Given material »
_____
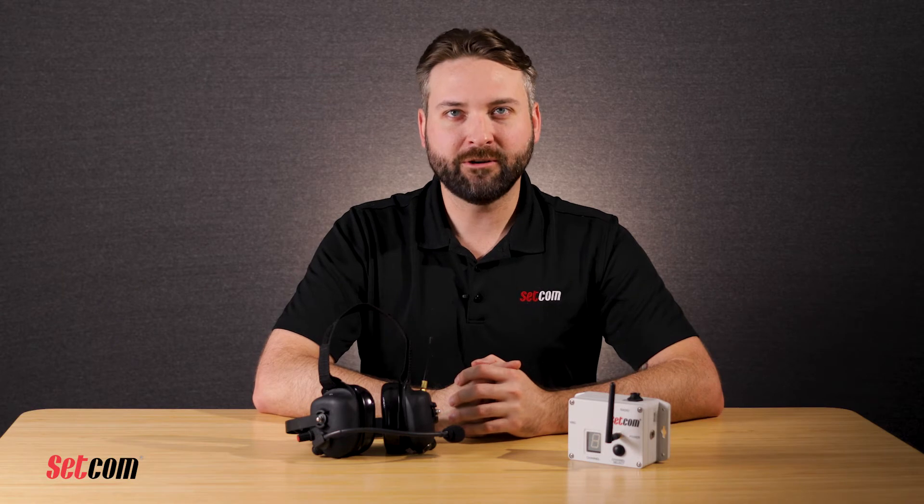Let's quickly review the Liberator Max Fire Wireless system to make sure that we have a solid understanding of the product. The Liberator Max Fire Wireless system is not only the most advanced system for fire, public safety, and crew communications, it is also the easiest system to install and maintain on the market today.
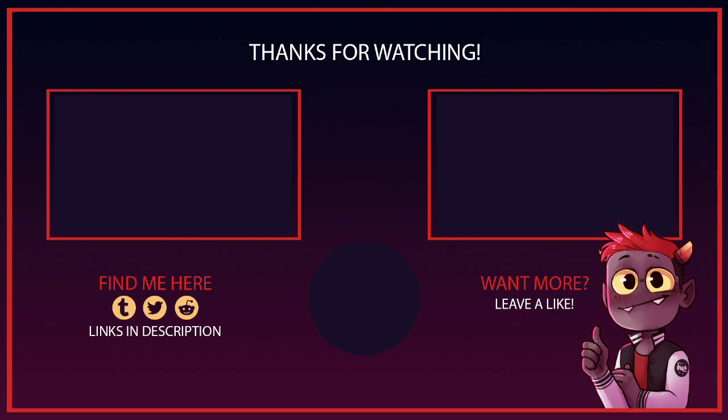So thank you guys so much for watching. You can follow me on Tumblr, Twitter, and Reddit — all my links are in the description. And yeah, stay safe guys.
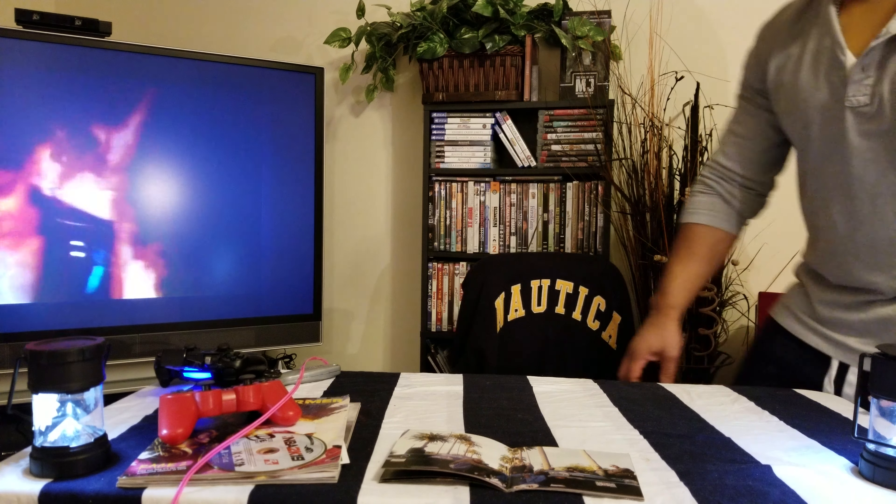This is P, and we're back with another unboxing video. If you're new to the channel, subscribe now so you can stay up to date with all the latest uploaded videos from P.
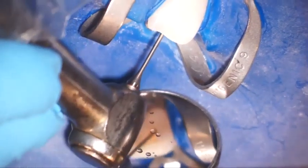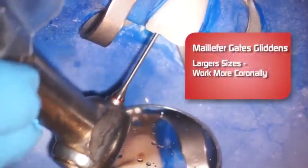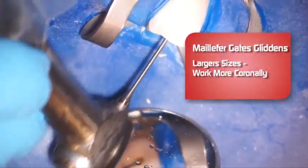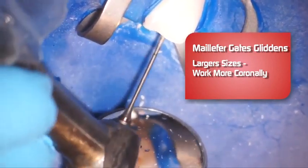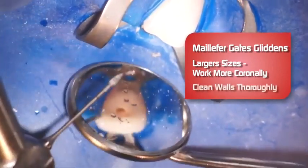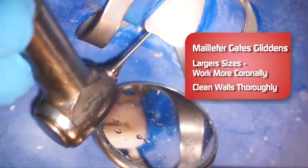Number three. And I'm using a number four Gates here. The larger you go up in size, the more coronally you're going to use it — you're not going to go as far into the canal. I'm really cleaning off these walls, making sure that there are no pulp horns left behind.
_____
For this exercise, transcribe the data above line by line, exactly, with pictures omitted.

Let's quickly review the Liberator Max Fire Wireless system to make sure that we have a solid understanding of the product. The Liberator Max Fire Wireless system is not only the most advanced system for fire, public safety, and crew communications, it is also the easiest system to install and maintain on the market today.
So thank you guys so much for watching. You can follow me on Tumblr, Twitter, and Reddit — all my links are in the description. And yeah, stay safe guys.
This is P, and we're back with another unboxing video. If you're new to the channel, subscribe now so you can stay up to date with all the latest uploaded videos from P.
Number three. And I'm using a number four Gates here. The larger you go up in size, the more coronally you're going to use it — you're not going to go as far into the canal. I'm really cleaning off these walls, making sure that there are no pulp horns left behind.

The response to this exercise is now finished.